Could you restate word for word every line from the one containing "Photo 7 VIN: 19VDE1F31EE003782 - ACURA ILX" to the end of the data below, pictures excluded?

Captioned web image data
↓↓↓

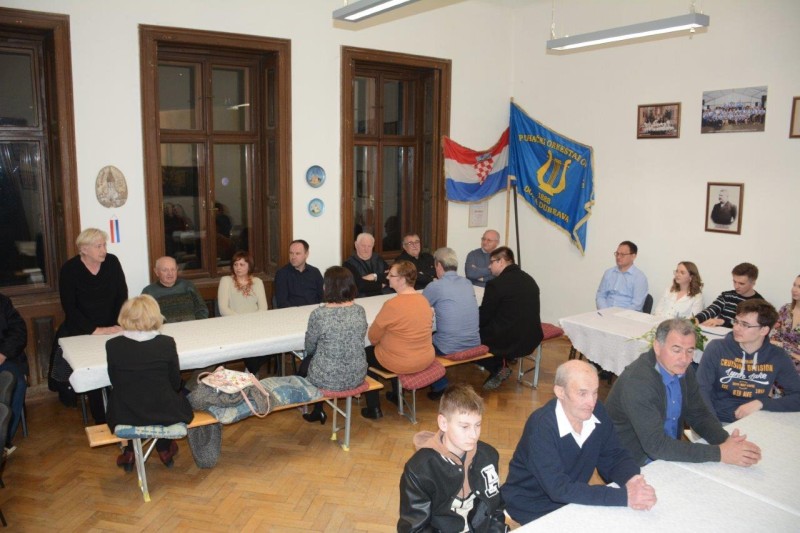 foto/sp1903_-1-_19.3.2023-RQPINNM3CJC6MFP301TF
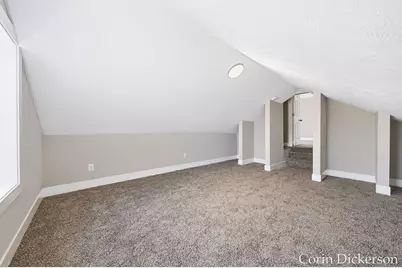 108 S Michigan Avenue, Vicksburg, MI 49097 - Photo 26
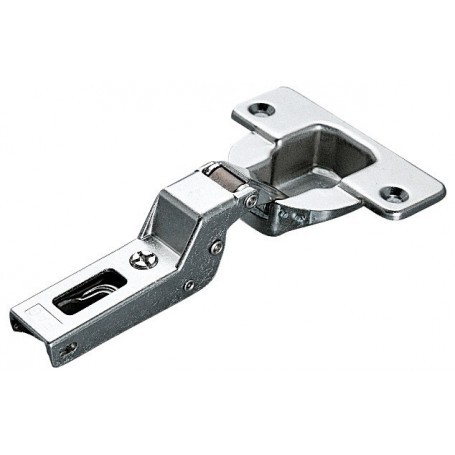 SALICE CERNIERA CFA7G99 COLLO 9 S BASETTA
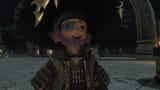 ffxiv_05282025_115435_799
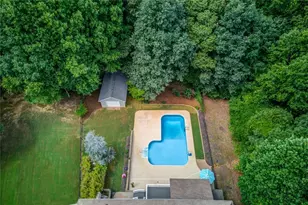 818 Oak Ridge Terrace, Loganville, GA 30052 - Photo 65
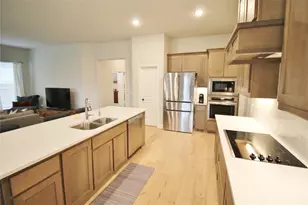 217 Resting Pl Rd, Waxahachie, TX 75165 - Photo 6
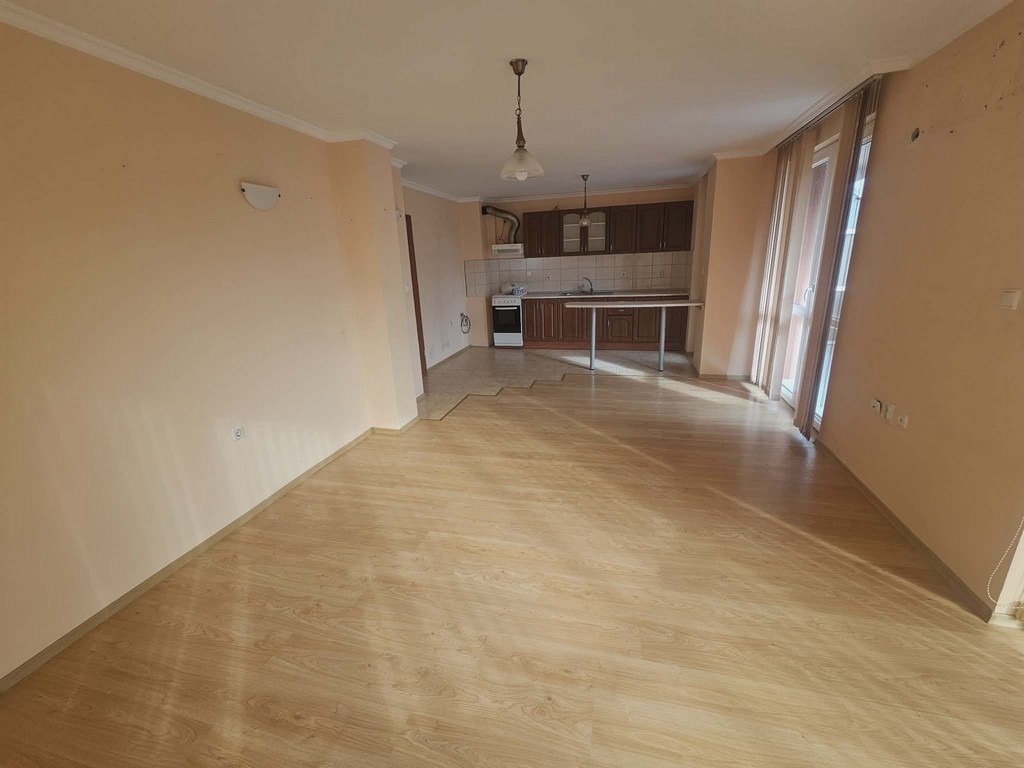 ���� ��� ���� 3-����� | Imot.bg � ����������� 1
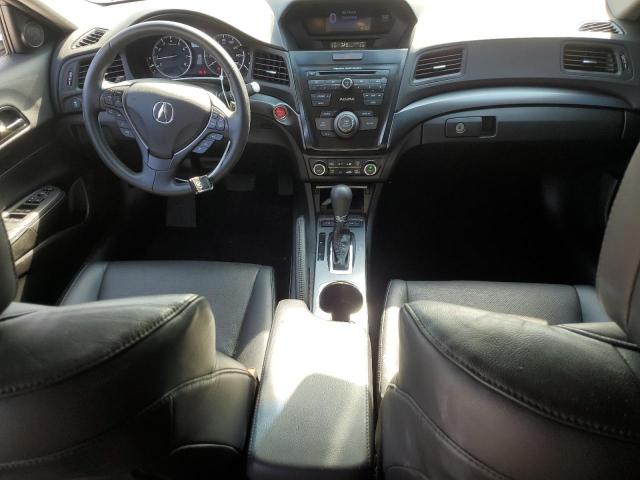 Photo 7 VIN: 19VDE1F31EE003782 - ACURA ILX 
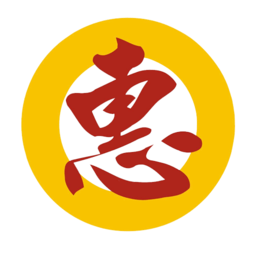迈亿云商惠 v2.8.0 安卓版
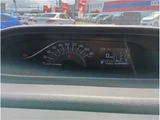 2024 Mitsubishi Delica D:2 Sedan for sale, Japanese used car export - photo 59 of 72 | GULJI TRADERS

↑↑↑

(Output):
 Photo 7 VIN: 19VDE1F31EE003782 - ACURA ILX 
迈亿云商惠 v2.8.0 安卓版
 2024 Mitsubishi Delica D:2 Sedan for sale, Japanese used car export - photo 59 of 72 | GULJI TRADERS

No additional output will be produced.